» **WHAT IS NEEDED**
Retype only the lines at the head of the records, first through the one with "Inching increments range", exactly as written.
--- START ---
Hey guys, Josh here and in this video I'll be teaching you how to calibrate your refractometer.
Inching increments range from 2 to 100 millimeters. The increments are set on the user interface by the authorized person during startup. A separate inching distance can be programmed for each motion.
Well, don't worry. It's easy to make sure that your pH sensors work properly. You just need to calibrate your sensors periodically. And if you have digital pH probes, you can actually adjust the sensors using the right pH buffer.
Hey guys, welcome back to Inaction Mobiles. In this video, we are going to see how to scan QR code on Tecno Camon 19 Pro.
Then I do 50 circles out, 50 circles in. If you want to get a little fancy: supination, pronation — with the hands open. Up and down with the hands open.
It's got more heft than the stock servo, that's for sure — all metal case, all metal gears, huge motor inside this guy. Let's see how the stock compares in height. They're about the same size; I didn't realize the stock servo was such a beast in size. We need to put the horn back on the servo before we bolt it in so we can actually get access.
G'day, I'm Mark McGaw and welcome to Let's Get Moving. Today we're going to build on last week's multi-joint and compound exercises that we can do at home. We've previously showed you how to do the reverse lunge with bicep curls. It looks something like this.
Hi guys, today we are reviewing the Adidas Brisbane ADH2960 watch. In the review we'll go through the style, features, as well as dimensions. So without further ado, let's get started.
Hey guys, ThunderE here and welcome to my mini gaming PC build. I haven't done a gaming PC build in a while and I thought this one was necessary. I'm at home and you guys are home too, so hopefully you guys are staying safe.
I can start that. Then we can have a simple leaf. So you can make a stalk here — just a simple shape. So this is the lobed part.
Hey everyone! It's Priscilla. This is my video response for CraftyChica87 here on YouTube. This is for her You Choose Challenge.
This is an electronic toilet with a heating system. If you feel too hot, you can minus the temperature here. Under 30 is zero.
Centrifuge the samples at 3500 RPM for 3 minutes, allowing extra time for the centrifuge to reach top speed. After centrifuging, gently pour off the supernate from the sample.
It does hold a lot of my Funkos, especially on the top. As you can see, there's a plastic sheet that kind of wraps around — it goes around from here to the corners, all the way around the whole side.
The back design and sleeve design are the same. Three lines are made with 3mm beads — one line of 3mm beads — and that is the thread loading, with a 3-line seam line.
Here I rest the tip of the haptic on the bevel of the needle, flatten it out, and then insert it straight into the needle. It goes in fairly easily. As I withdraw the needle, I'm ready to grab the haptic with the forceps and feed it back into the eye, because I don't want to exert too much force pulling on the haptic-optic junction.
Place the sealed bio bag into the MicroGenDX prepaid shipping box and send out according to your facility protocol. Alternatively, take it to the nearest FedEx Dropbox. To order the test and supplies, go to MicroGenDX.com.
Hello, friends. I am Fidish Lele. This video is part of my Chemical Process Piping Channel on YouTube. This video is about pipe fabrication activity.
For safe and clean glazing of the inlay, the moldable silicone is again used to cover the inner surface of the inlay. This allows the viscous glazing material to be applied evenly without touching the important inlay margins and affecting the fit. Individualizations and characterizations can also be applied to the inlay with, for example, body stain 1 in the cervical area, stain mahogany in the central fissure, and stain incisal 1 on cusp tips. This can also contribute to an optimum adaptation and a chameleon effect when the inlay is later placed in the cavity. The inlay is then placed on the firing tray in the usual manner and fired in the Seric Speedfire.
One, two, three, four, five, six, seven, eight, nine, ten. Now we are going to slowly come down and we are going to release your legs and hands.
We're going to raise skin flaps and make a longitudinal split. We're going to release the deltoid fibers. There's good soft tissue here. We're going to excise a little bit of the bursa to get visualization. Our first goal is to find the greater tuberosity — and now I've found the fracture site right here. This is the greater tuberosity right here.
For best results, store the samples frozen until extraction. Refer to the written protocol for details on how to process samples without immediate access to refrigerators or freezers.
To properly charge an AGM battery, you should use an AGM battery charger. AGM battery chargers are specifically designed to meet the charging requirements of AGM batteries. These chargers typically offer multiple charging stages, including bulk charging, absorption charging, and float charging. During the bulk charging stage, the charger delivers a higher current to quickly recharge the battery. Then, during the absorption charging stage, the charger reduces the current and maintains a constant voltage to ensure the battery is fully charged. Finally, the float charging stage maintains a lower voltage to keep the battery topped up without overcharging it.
--- END ---
» **SOLUTION FOR THIS PROBLEM**
Hey guys, Josh here and in this video I'll be teaching you how to calibrate your refractometer.
Inching increments range from 2 to 100 millimeters. The increments are set on the user interface by the authorized person during startup. A separate inching distance can be programmed for each motion.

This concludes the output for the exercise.